Given the records underneath, please repeat exactly the lines from the line with "Retro colors puzzle" through the line with "Gros plan sur", passing over any picture.

Exercise data:

---*---

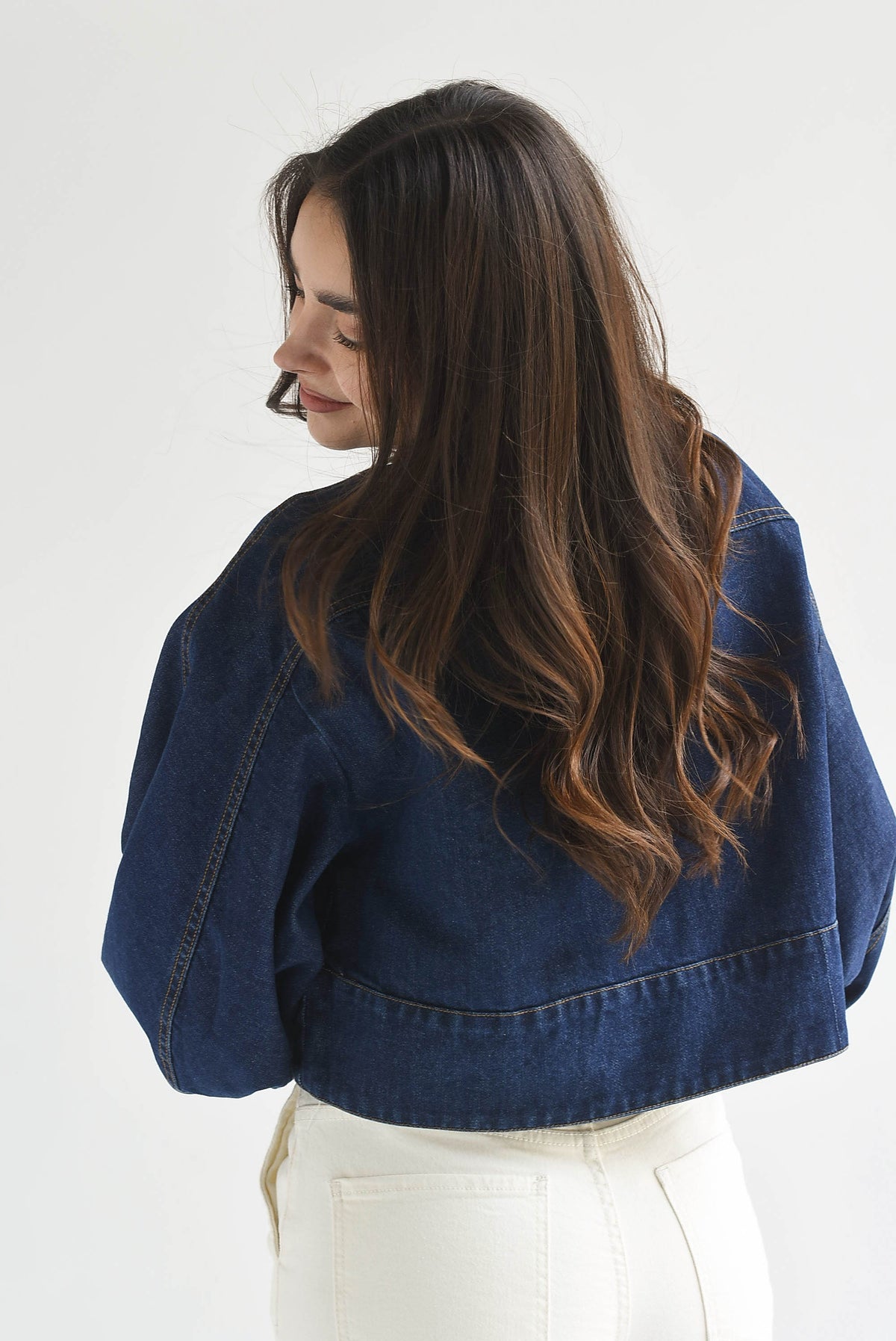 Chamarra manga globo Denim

---*---

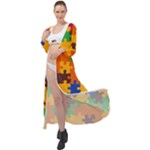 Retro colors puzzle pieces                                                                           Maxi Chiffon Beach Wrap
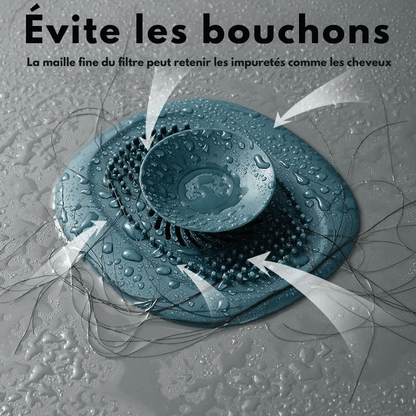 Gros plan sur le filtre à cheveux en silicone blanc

---*---

Exercise result:
 Retro colors puzzle pieces                                                                           Maxi Chiffon Beach Wrap
 Gros plan sur le filtre à cheveux en silicone blanc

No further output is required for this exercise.